Rice: “If it was authorized by the President, it did not violate our obligations”
Posted by Thomas Nephew on 1st May 2009
Via Hullabaloo, here is some remarkable amateur footage of former Secretary of State Condoleeza Rice being questioned (on Monday) by students in Stanford University’s Roble Hall dormitory. The whole thing is worth watching — from between your fingers — as Rice puts on a surreal performance:
1ST QUESTIONER [3:30]: …even in World War II, as we faced Nazi Germany, probably the greatest threat that America has ever faced, even then…
RICE [3:37]: With all due respect, Nazi Germany never attacked the homeland of the United States.
1ST QUESTIONER [3:44]: They bombed our allies.
RICE [3:46]: Just a second. Three thousand Americans died in the Twin Towers and in the Pentagon.
1ST QUESTIONER [3:52]: Five hundred thousand died in World War II, and yet we did not torture the prisoners of war.
RICE [3:55] (waving finger no): …And we didn’t torture anybody here either.
1ST QUESTIONER [4:00]: We tortured them in Guantanamo Bay.
RICE [4:03]: No. No, dear. You’re wrong. You’re wrong. We did not. torture. anyone. And Guantanamo Bay by the way was considered a model quote [makes air quotes] medium security prison by representatives of the Organization for Security and Cooperation in Europe who went there to see it. Did you know that?
1ST QUESTIONER [4:20]: Were they present for the interrogations?
RICE [4:22]: No - did you know that the Organization — just answer me — did you know that the Organization of Security and Cooperation in Europe said Guantanamo was a *model* medium security prison?
1ST QUESTIONER [4:20]: No, but I feel that changes nothing.
RICE [4:33]: No - did you know that?
1ST QUESTIONER [4:35]: I did not know that but that…
RICE [4:36]: All right, no,, now wait a second if you didn’t know that, maybe before you make allegations about Guantanamo you should read. All right? Now, the ICRC also had access to Guantanamo, and they made no allegations about interrogations at Guantanamo. What they did say is that they believed that indefinite detention — where people didn’t know whether they could come up for trial — which is why we tried through the military commissions system to let people come up for trial.
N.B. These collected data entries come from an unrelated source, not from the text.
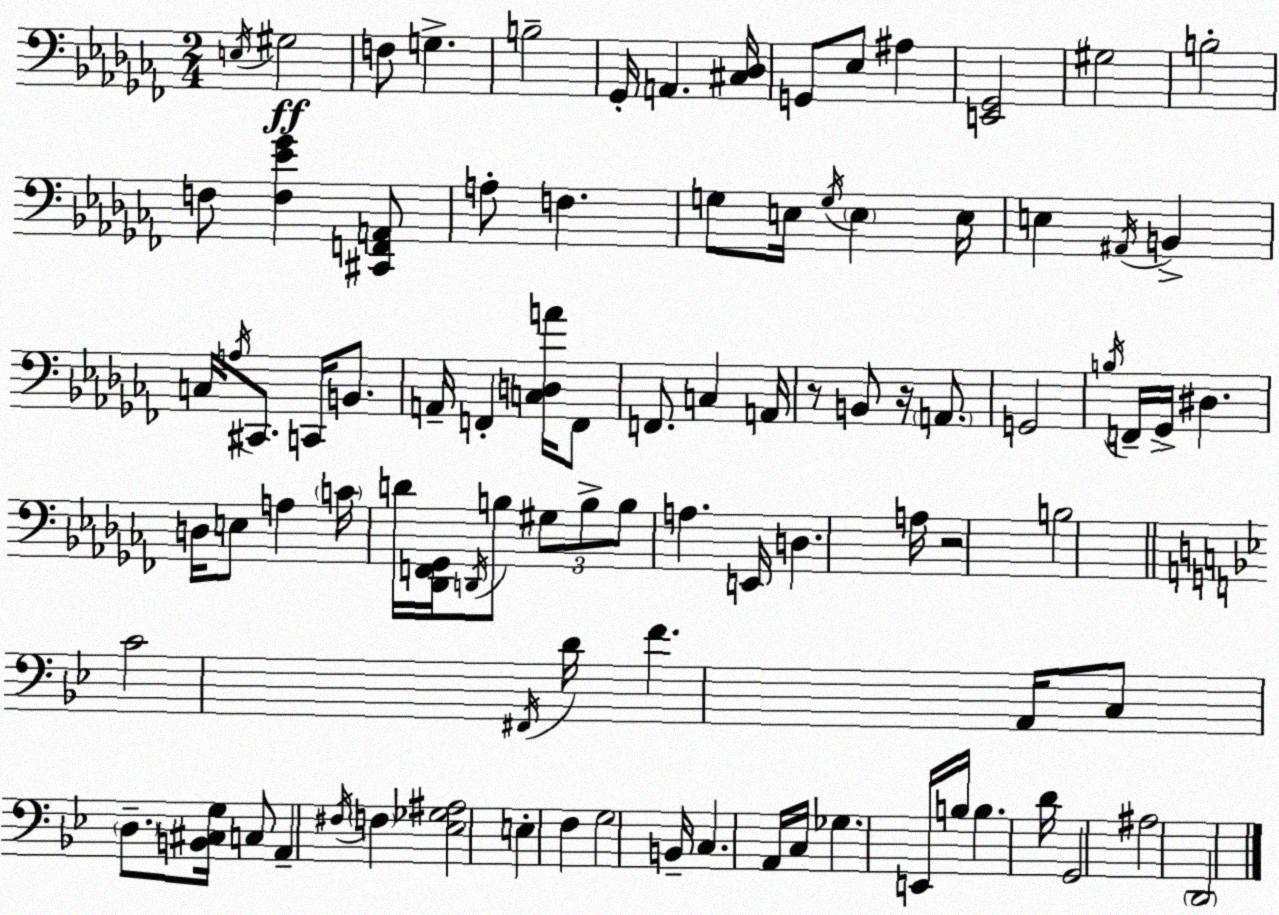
X:1
T:Untitled
M:2/4
L:1/4
K:Abm
E,/4 ^G,2 F,/2 G, B,2 _G,,/4 A,, [^C,_D,]/4 G,,/2 _E,/2 ^A, [E,,_G,,]2 ^G,2 B,2 F,/2 [F,_E_G] [^C,,F,,A,,]/2 A,/2 F, G,/2 E,/4 G,/4 E, E,/4 E, ^A,,/4 B,, C,/4 A,/4 ^C,,/2 C,,/4 B,,/2 A,,/4 F,, [C,D,A]/4 F,,/2 F,,/2 C, A,,/4 z/2 B,,/2 z/4 A,,/2 G,,2 B,/4 F,,/4 _G,,/4 ^D, D,/4 E,/2 A, C/4 D/4 [_D,,F,,_G,,]/4 D,,/4 B,/2 ^G,/2 B,/2 B,/2 A, E,,/4 D, A,/4 z2 B,2 C2 ^F,,/4 D/4 F A,,/4 C,/2 D,/2 [B,,^C,G,]/4 C,/2 A,, ^F,/4 F, [_E,_G,^A,]2 E, F, G,2 B,,/4 C, A,,/4 C,/4 _G, E,,/4 B,/4 B, D/4 G,,2 ^A,2 D,,2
Those trials were stayed by whom? Who kept us from holding the trials?
1ST QUESTIONER [5:17]: I can’t answer that question.
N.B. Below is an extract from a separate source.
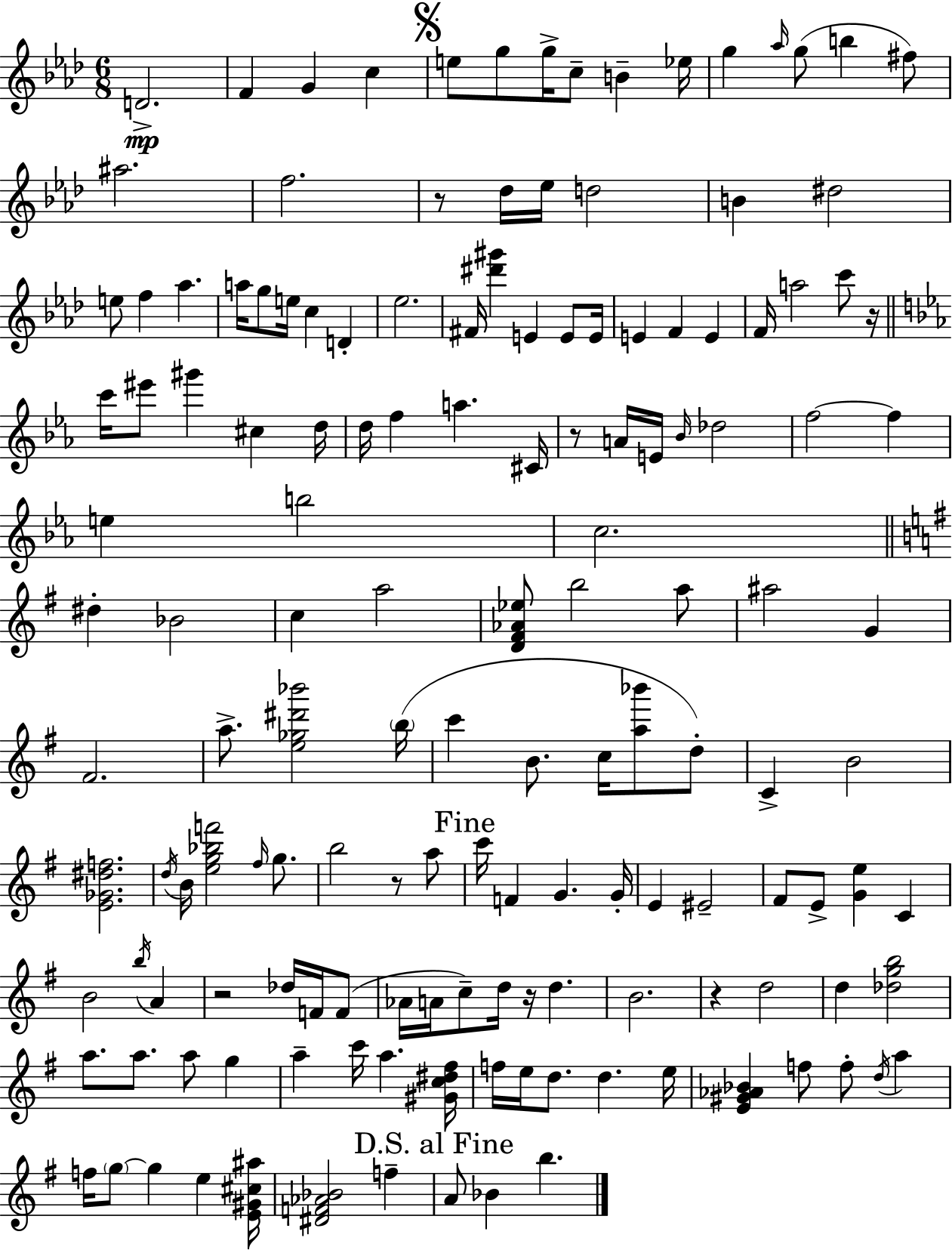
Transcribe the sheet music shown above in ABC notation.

RICE [5:18]: Do your homework first.
Passing over Rice’s implication that defeating Hitler was both optional and easy, it turns out (via 2PoliticalJunkies) that the alleged OSCE “stamp of approval” came from a guy who tagged along with an OSCE delegation, but — according to the OSCE — was “not employed or commissioned by the OSCE” and whose views should “not be taken as being made on behalf of the 55-nation body.”